Re: [Libguestfs] [PATCH libnbd] lib/errors.c: Fix assert fail in exit path in multi-threaded code

Wednesday, 8 March 2023

On Wed, Mar 08, 2023 at 03:22:29PM -0600, Eric Blake wrote:
...
 On Wed, Mar 08, 2023 at 08:29:41PM +0000, Richard W.M. Jones wrote:
 > When a highly multi-threaded program such as nbdcopy encounters an
 > error, there is a race condition in the library which can cause an
 > assertion failure and thus a core dump:
 > 
 > (1) An error occurs on one of the threads.  nbdcopy calls exit(3).
 > 
 > (2) In lib/errors.c, the destructor calls pthread_key_delete.
 >

 Note - POSIX says that calling pthread_key_delete() can leak memory.
 If the reason we are calling pthread_key_delete() is because libnbd
 was dlopen'd and is now being dlclose'd, and an app repeatedly reloads
 libnbd, causes an error, and then unloads libnbd, this leak could grow
 to be rather sizeable.  But that is a rather unlikely scenario, and
 safely coordinating cleanup is hard when we consider both normal
 thread exits (where the key destructor runs if the key is not yet
 deleted) and module unloads (where pthread_key_delete skips key
 destructors).

 > (3) Another thread which is still running also encounters an error,
 > and inside libnbd the library calls set_error().
 > 
 > (4) The call to set_error() calls pthread_getspecific which returns
 > NULL (since the key has already been destroyed in step (2)), and this

 This is undefined behavior per POSIX.  It is not safe to call
 pthread_getspecific() on a destroyed key (even though glibc lets us
 get away with it by giving us EINVAL).

 > causes us to call pthread_setspecific which returns EINVAL because
 > glibc is able to detect invalid use of a pthread_key_t after it has
 > been destroyed.  In any case, the error message is lost, and any
 > subsequent call to nbd_get_error() will return NULL.
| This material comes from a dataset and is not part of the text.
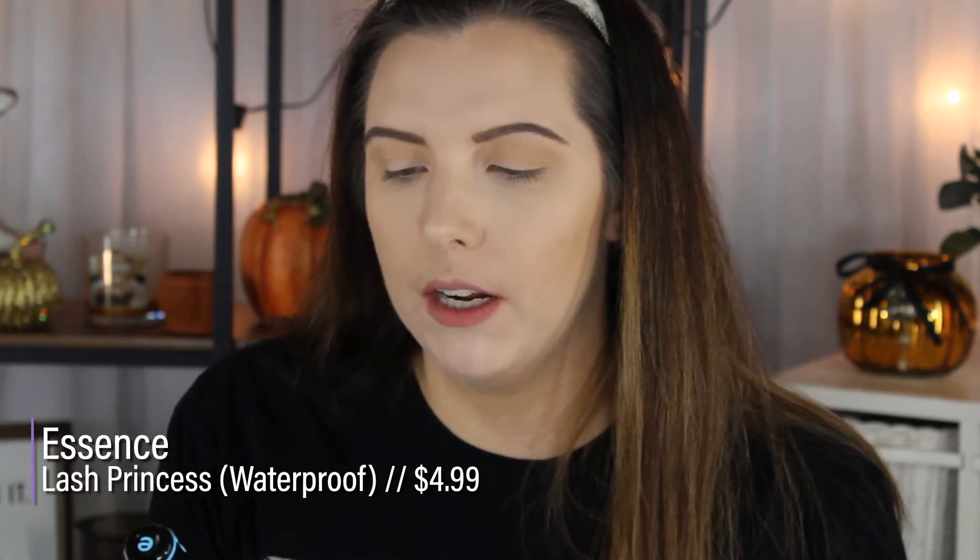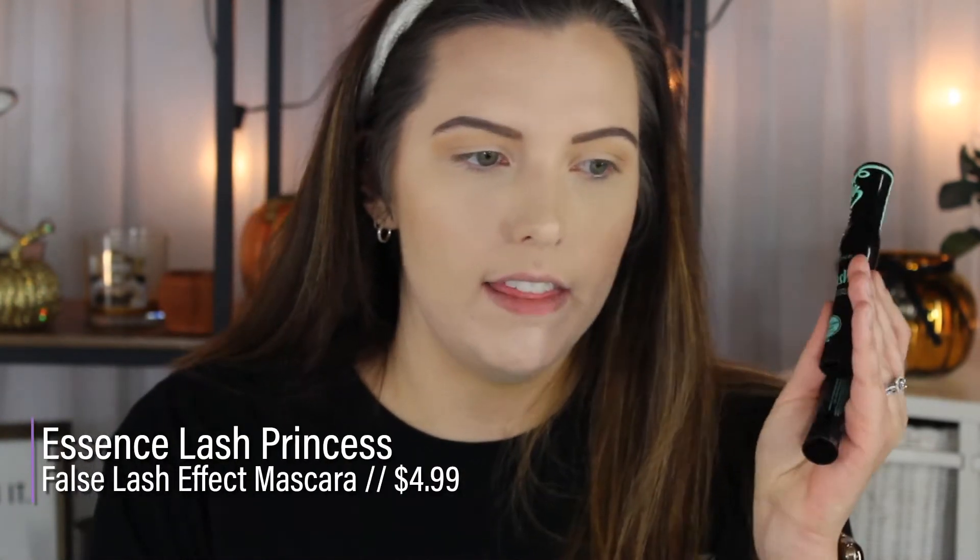For mascara, I done messed up — somehow I ended up with three mascaras. I bought this one, the Essence Lash Princess, but when I ordered it online I didn't realize it was the waterproof version. I don't really do waterproof, but maybe I'll use it on my lower lash line. I wanted the Essence Lash Princess False Lash Effect — the green one that Tayla raves about. They had a sale, buy one get one half off, so one was five bucks and one was like $2.50. This was out of stock everywhere — I had to order it online. The store associate said this mascara is a dupe for the Too Faced Better Than Sex mascara.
 Indeed - once we call pthread_key_delete() in step 2, ANY further use
 of the key is going to cause undefined behavior (hopefully EINVAL
 failures, but worse behavior is also possible).
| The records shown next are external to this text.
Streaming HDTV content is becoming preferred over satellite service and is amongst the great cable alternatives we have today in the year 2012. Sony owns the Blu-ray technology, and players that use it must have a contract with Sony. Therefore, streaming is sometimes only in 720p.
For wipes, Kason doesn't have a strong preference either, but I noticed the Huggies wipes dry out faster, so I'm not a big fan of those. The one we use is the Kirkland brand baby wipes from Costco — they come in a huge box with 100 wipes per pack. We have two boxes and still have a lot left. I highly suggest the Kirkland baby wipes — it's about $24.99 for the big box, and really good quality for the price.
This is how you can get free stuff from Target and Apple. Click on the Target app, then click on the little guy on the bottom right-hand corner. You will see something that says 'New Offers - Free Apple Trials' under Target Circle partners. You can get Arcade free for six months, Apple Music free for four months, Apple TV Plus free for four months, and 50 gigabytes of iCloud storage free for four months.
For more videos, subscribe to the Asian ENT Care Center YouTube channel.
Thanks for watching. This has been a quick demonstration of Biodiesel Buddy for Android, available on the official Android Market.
 One possible idea: have a non-thread-local global that starts life
 false, but which errors_free() atomically sets to true prior to
 calling pthread_key_delete().  All other functions which reference
 errors_key check that the global is still false before using
 pthread_{get,set}specific.

 Another idea: have a counter of the number of threads that have set a
 thread-local error but not yet exited.  Increment the counter any time
 allocate_last_error_on_demand() says a new thread is triggering an
 error, and decrement the counter any time free_errors_key() calls the
 destructor at the end of a thread.  Only when all threads with an
 allocated error have exited will the counter reach zero, so only the
 last thread to clean up needs to call pthread_key_delete().  The
 counter might not reach zero before the process exits, but that's okay
 (if the reason the module is being unloaded is because the process is
 going away, cleanup is less important), although I don't know if
 valgrind would complain.  In fact, POSIX suggests:

 https://pubs.opengroup.org/onlinepubs/9699919799/functions/pthread_key_de...
 "For an application to know that it is safe to delete a key, it has to
 know that all the threads that might potentially ever use the key do
 not attempt to use it again. For example, it could know this if all
 the client threads have called a cleanup procedure declaring that they
 are through with the module that is being shut down, perhaps by
 setting a reference count to zero." 
IMHO the suggested ways to solve this problem are all complex enough
that I would not have much confidence in them even once implemented.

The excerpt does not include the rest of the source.